El siglo amanece con amenazas de catástrofes. Pero aun así, la vida tiene que defenderse. El cambio climático, los desequilibrios ecológicos, el agotamiento de los recursos, la necesidad de adoptar otros estilos de vida se unen a las dificultades latentes en nuestra inmediatez. Las decisiones políticas tendrán que apoyarse cada vez más en los aportes de la ciencia y de la cultura. La Universidad del siglo XXI, sin descuidar la contribución instrumental tecnológica, deberá establecer su eje central en las ciencias básicas y en las humanidades y hacer de la investigación fuente de nuevos saberes y de permanente retroalimentación de la docencia. Recuperar lo perdido no es ilusorio. Así lo demuestra el salto espectacular producido en las décadas iniciales de la Revolución, cuando el punto de partida se situaba en la necesidad de vencer el analfabetismo y en la necesidad de incentivar el crecimiento de los bachilleres. Ahora se trata de restaurar la confianza en los claustros y fortalecerlos con la incorporación de nuevas generaciones. Hay que vincular desprejuiciadamente a los estudiantes al esfuerzo común y convertirlos en protagonistas de los desafíos del presente, prescindiendo de consignas y apelando a la fuerza aleccionadora de la práctica concreta.
Día a día el presente se hunde en el pasado y se traga el porvenir. Como parte de la educación, aunque con funciones específicas, la universidad garantiza el relevo. El papel de las ciencias en el desarrollo de la sociedad se comprende con facilidad, porque se traduce en logros tangibles. No ocurre así con las humanidades, actuantes en el tejido viviente de la realidad. Corresponde a ellas la preservación de la memoria, la observación de los cambios que operan imperceptibles en la cotidianeidad y su reflejo en el terreno de los valores, así como el reconocimiento de los vínculos existentes entre factores de distinta naturaleza. Su objeto de estudio se sitúa en el plano de la conciencia. Contribuye a definir coordenadas fundamentales para reconocer qué somos, de dónde venimos y hacia dónde vamos. Pensar la realidad no implica perder el tiempo en un gratuito ejercicio intelectual. Permite abrir caminos entre los árboles del bosque y luchar por la lucidez invocada por el Che en El socialismo y el hombre en Cuba.

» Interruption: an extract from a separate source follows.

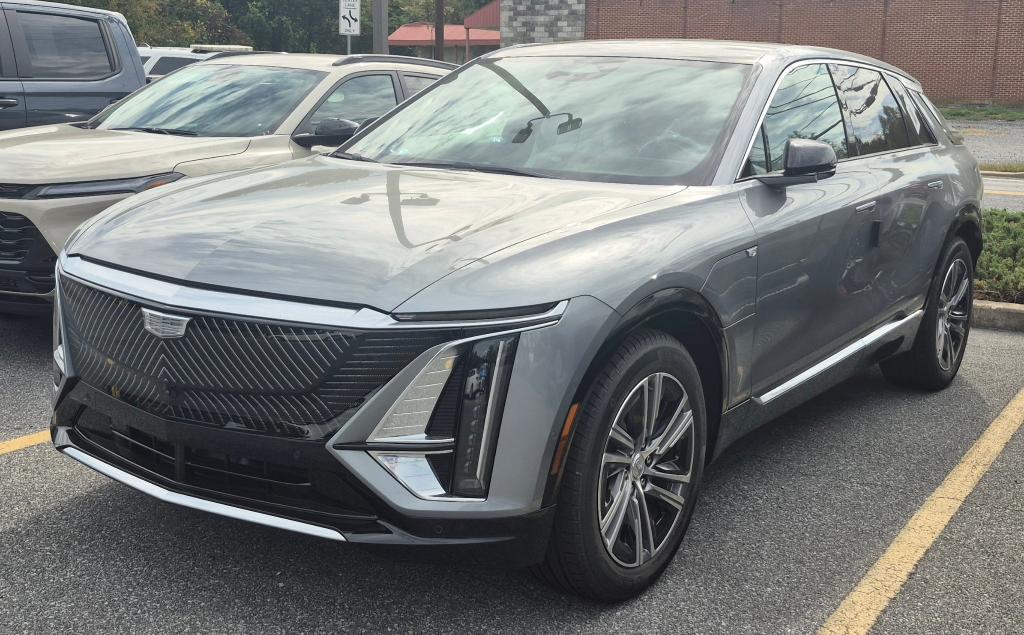 new 2026 Cadillac LYRIQ car, priced at $69,135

Diseñar la universidad que garantice la continuidad de nuestro proyecto de desarrollo humano es tarea difícil, pero no imposible. Hemos sabido vencer desafíos mayores. Para lograrlo, hay que romper rutinas mentales y convocar, desde la base, a la experiencia y al conocimiento, acumulados en un esfuerzo común por reformular interrogantes a fin de hallar las respuestas más adecuadas.